名古屋城天守閣 木造復元の許可申請メド立たず
名古屋城天守閣の木造復元は、文化庁の許可を得るための申請段階で足踏みしています。市は10月に開かれる文化審議会までに基本計画書案を提出する予定ですが、「時間的に大変厳しい状況」と市議会で答弁しました。文化庁の許可は早くとも来年5月にずれ込む見通しで、「2022年完成の工程見直しにもつながりかねない状況」(「中日」)です。
申請のメドが立っていないのは、「石垣の保存方針について、地元有識者と認識の一致をみていないことを文化庁から指摘された」(市答弁)からです。名古屋市の石垣保存方針は、緊急性の高いものについては優先的に対応し、本格的な石垣の修復は天守閣木造復元後に行うという二段階方針です。一方、市の石垣部会の有識者からは、一般論として建物復元よりも石垣保全が最優先という意見が出されています。昨日の本会議では、日本共産党の江上博之議員がこの点を追及。市観光文化交流局長は、「石垣部会は、『天守台石垣が深刻な状況にあり、石垣の保全について検討し必要な措置を取ることが最優先であり、名古屋市の示した石垣の保全方針では不十分である』と考えている」と答えました。
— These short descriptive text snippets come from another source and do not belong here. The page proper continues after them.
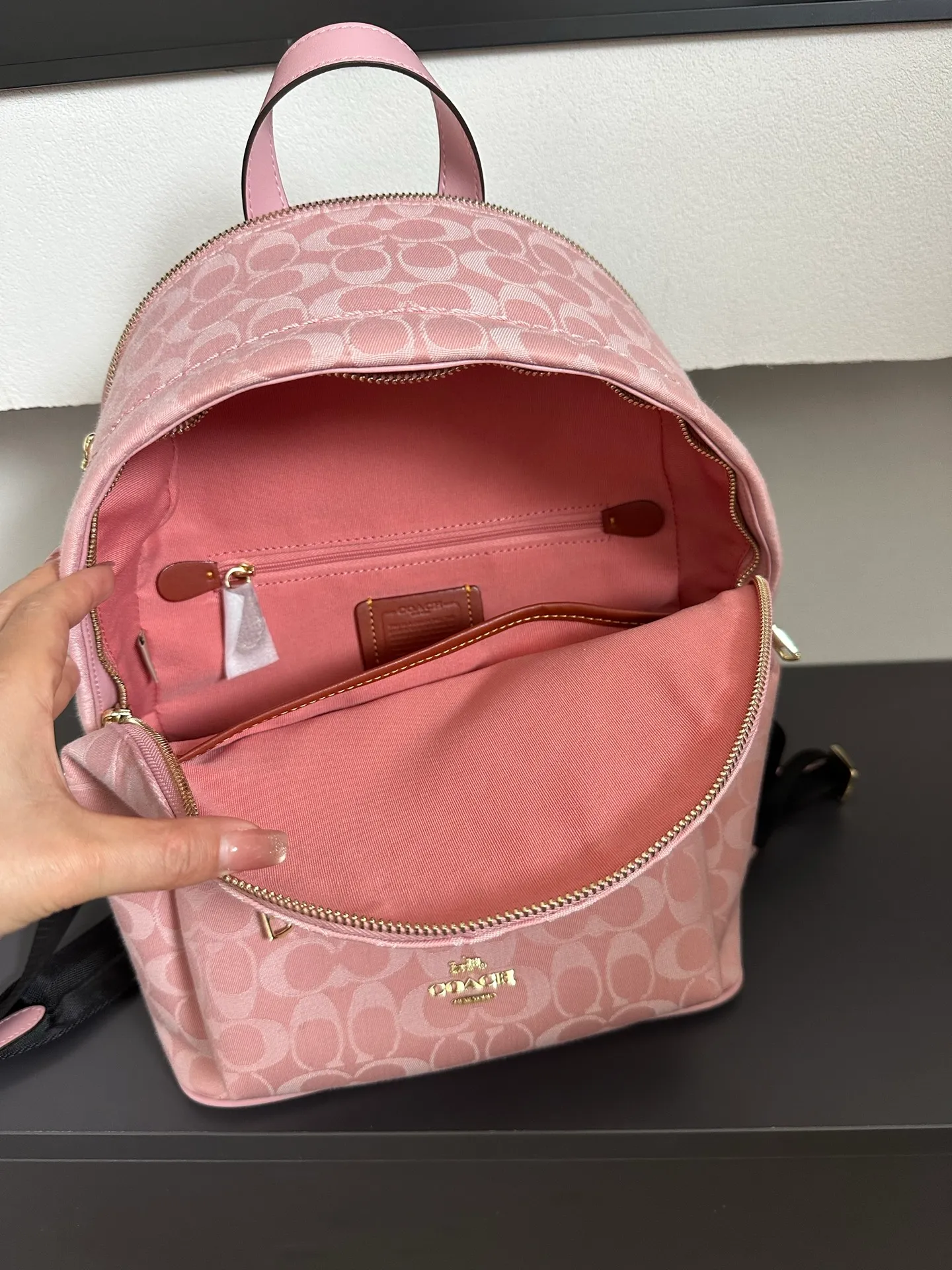 All Categories COACH Women's Bags COACH CDW76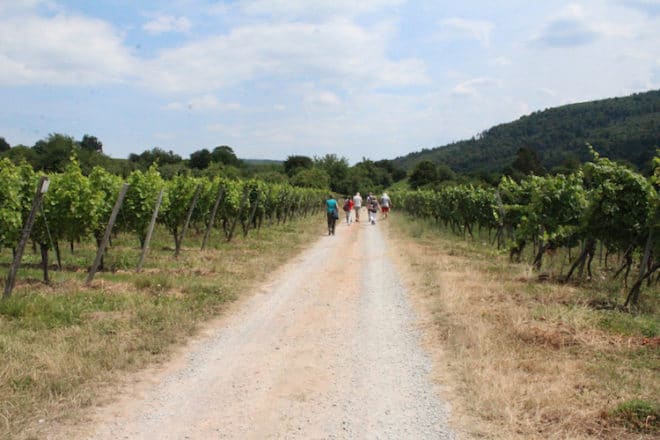 Auf dem fränkischen Rotweinweg von Bürgstadt nach Großheubach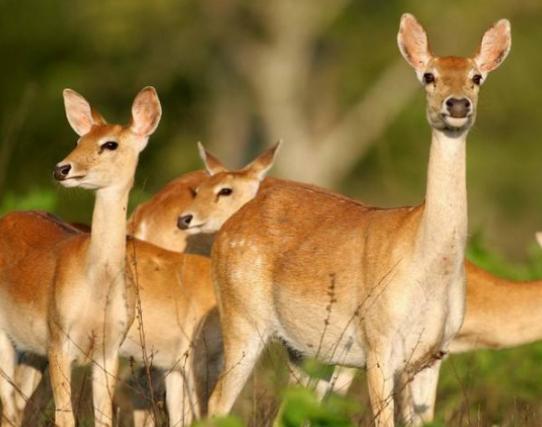 世界十大最稀有的動物排名,爪哇犀牛全球僅存35頭、遠東豹現存約10只 世界十大最稀有的動物排名,爪哇犀牛全球僅存35頭、遠東豹現存約10只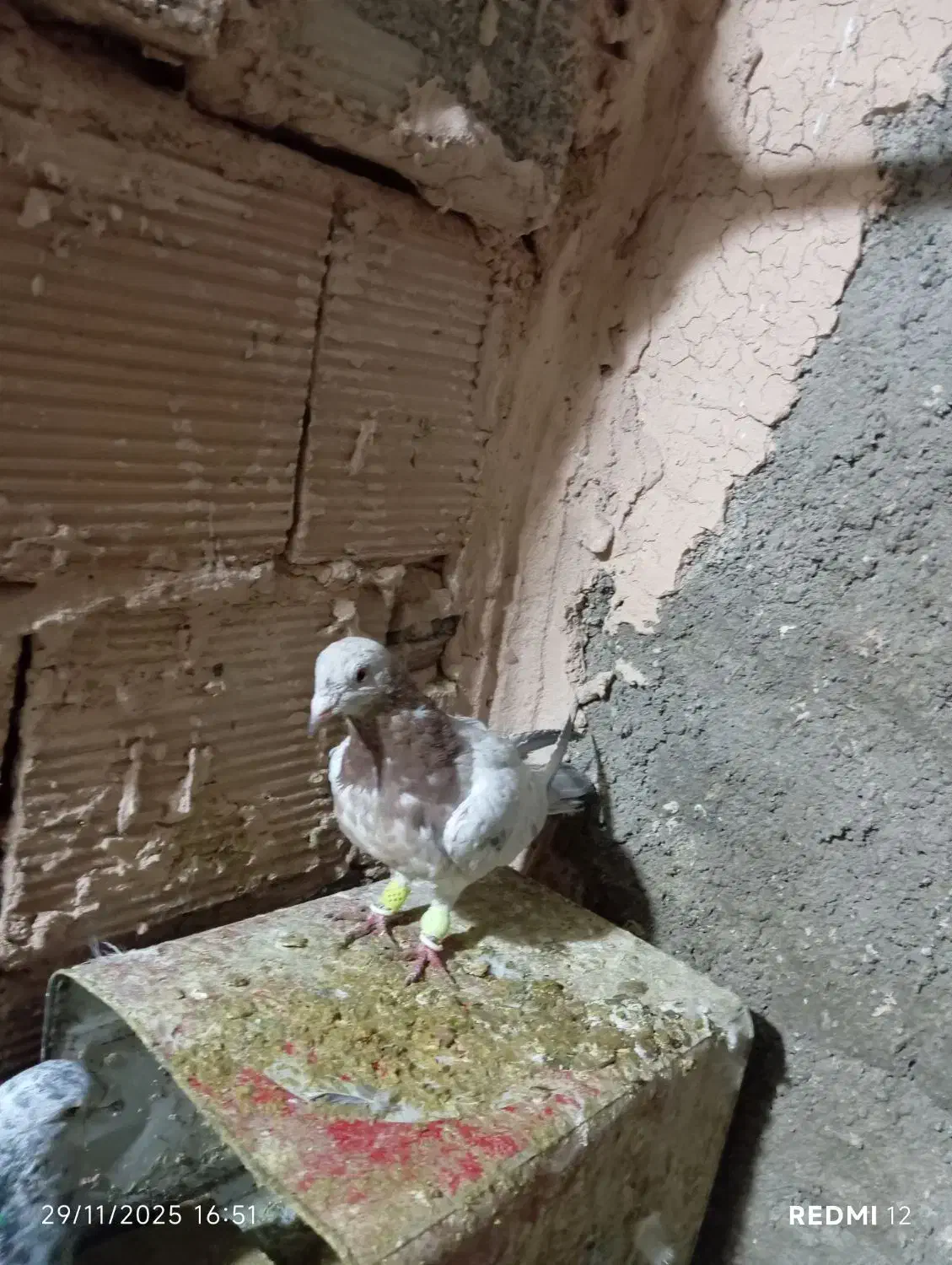 کله هما و جوجه هفت رنگ|پرنده|سبزوار, جوادیه شرقی|دیوار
石垣部会の有識者と名古屋市が、石垣の保存方針で一致する見通しは立っていません。エレベーター問題もあります。それでも河村市長は、「2022年12月復元完成」にこだわっています。江上博之議員は、「2022年完成にこだわることが、すべての問題の原因だ。いったん立ち止まって市民の意見を聞くために、計画を見直すべきだ」と追及しましたが、河村市長は「見直すつもりはない」と答弁。木造復元計画は混迷に陥っています。